En sixième lieu, il ressort des pièces du dossier que deux comptes-rendus d’incident en date des 9 et 12 juin 2023, dont la teneur n’est pas contestée par M. A…, constatent que ce dernier a été en possession, en l’espace de trois jours, de deux téléphones portables. En particulier, le rapport de synthèse de l’exploitation de la carte SIM du premier téléphone révèle que M. A… a procédé à des téléchargements et consulté sur internet des vidéos de propagande islamiste, et est entré en relation avec diverses personnes. En outre, M. A… a été placé en détention provisoire en raison de sa possible participation à une association de malfaiteurs en vue de la préparation d’un crime d’atteinte aux personnes à des fins terroristes. Il a d’ailleurs été convoqué devant la cour d’assises de Paris à compter du 30 octobre 2023. Le ministre d’Etat, garde des sceaux, ministre de la justice, peut tenir compte de cette circonstance relative à son profil pénal conformément à l’article R. 213-30 du code pénitentiaire, sans qu’y fasse obstacle la circulaire du 14 avril 2011 relative au placement à l’isolement des personnes détenues qui est dénuée de toute portée normative. Dans ces conditions, M. A… n’est pas fondé à soutenir que son profil pénal ne peut justifier son placement à l’isolement en vertu de la circulaire du 14 avril 2011 et que la détention d’un téléphone portable ne permet pas de caractériser un risque pour la sécurité des personnes ou de l’établissement justifiant la mesure. Ainsi, la mesure d’isolement édictée à son encontre n’étant pas entachée d’une erreur manifeste d’appréciation au regard des dispositions de l’article L. 213-8 du code pénitentiaire, le moyen doit être écarté.

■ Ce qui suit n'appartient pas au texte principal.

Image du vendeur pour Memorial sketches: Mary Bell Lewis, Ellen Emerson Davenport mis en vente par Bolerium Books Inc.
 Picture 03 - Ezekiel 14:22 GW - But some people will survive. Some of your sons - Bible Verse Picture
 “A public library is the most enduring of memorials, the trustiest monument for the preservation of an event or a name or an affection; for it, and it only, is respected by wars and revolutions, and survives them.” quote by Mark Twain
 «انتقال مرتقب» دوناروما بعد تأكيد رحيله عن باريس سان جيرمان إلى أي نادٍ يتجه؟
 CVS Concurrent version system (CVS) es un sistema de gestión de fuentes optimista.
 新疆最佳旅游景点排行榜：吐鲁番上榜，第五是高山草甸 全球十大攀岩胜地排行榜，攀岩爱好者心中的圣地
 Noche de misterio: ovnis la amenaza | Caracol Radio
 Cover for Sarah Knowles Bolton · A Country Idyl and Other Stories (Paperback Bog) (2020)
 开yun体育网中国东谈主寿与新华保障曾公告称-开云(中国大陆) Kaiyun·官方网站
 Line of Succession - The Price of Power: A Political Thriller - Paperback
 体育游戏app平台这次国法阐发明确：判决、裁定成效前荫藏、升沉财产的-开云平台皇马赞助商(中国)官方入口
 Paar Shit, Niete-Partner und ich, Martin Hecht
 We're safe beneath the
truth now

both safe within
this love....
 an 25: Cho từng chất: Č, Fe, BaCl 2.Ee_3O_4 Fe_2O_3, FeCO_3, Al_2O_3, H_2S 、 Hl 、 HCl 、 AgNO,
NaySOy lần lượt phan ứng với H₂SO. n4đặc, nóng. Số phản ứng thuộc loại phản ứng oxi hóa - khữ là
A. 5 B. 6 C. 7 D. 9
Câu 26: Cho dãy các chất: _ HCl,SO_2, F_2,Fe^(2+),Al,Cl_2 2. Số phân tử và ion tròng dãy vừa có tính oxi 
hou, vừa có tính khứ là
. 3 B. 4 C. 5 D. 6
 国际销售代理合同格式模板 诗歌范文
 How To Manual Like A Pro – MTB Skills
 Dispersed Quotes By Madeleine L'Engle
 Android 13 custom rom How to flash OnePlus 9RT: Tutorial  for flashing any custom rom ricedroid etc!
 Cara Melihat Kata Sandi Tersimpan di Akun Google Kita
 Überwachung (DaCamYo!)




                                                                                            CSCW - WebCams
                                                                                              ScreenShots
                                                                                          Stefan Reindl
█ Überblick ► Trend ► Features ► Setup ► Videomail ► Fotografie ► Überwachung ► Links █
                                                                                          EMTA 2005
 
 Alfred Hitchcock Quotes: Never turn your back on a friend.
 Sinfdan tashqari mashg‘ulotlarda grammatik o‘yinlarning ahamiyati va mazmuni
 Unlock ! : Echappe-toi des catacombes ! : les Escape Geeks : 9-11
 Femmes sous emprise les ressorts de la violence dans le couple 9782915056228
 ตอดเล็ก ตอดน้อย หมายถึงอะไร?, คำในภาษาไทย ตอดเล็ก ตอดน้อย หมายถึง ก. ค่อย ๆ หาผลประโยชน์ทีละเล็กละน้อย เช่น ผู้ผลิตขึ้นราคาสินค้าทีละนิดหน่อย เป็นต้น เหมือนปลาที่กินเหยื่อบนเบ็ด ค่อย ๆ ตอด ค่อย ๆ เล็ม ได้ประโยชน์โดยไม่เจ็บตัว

En septième lieu, il ne ressort ni des termes de la décision attaquée, ni des pièces du dossier, que l’administration n’aurait pas tenu compte de l’état de santé de M. A…. L’intéressé a d’ailleurs présenté des observations orales le 4 septembre 2023. Dans ce contexte, et alors que les dispositions de l’article R. 213-19 du code pénitentiaire organisent un suivi médical des détenus placés à l’isolement, le moyen tiré du défaut d’examen, à le supposer soulevé, doit être écarté.
En dernier lieu, en vertu des dispositions précitées de l’article R. 213-18 du code pénitentiaire, la décision de placer une personne détenue à l’isolement ne constitue pas une sanction disciplinaire mais une mesure de police destinée à assurer le maintien de l’ordre public et de la sécurité au sein de l’établissement pénitentiaire ou, le cas échéant, la prévention des infractions. En l’espèce, ainsi qu’il a été dit ci-dessus, le comportement en détention de M. A… justifiait la mesure litigieuse. Le détournement de procédure allégué n’étant pas établi, le moyen doit, dès lors, être écarté.
Il résulte de tout ce qui précède que les conclusions à fin d’annulation présentées par M. A… ainsi que, par voie de conséquence, ses conclusions à fin d’injonction, doivent être rejetées.
Sur les frais liés au litige :
Les dispositions de l’article L. 761-1 du code de justice administrative et celles de l’article 37 de la loi du 10 juillet 1991 font obstacle à ce que qu’une somme soit mise à la charge de l’Etat, qui n’est pas la partie perdante dans la présente instance, au titre des frais exposés et non compris dans les dépens
D E C I D E :
Article 1er : La requête de M. A… est rejetée.
Article 2 : Le présent jugement sera notifié à M. B… A…, à Me Kempf et au garde des sceaux, ministre de la justice.
Délibéré après l’audience publique du 16 octobre 2025 à laquelle siégeaient :
Mme Samson-Dye, présidente,
Mme Ducos de Saint Barthélémy de Gélas, première conseillère,
Mme Philis, conseillère.
Rendu public par mise à disposition au greffe le 13 novembre 2025.
La rapporteure,
L. Philis
La présidente,
A. Samson-Dye
La greffière,
L. Bourger
La République mande et ordonne au garde des sceaux, ministre de la justice, en ce qui le concerne ou à tous commissaires de justice à ce requis en ce qui concerne les voies de droit commun, contre les parties privées, de pourvoir à l’exécution de la présente décision.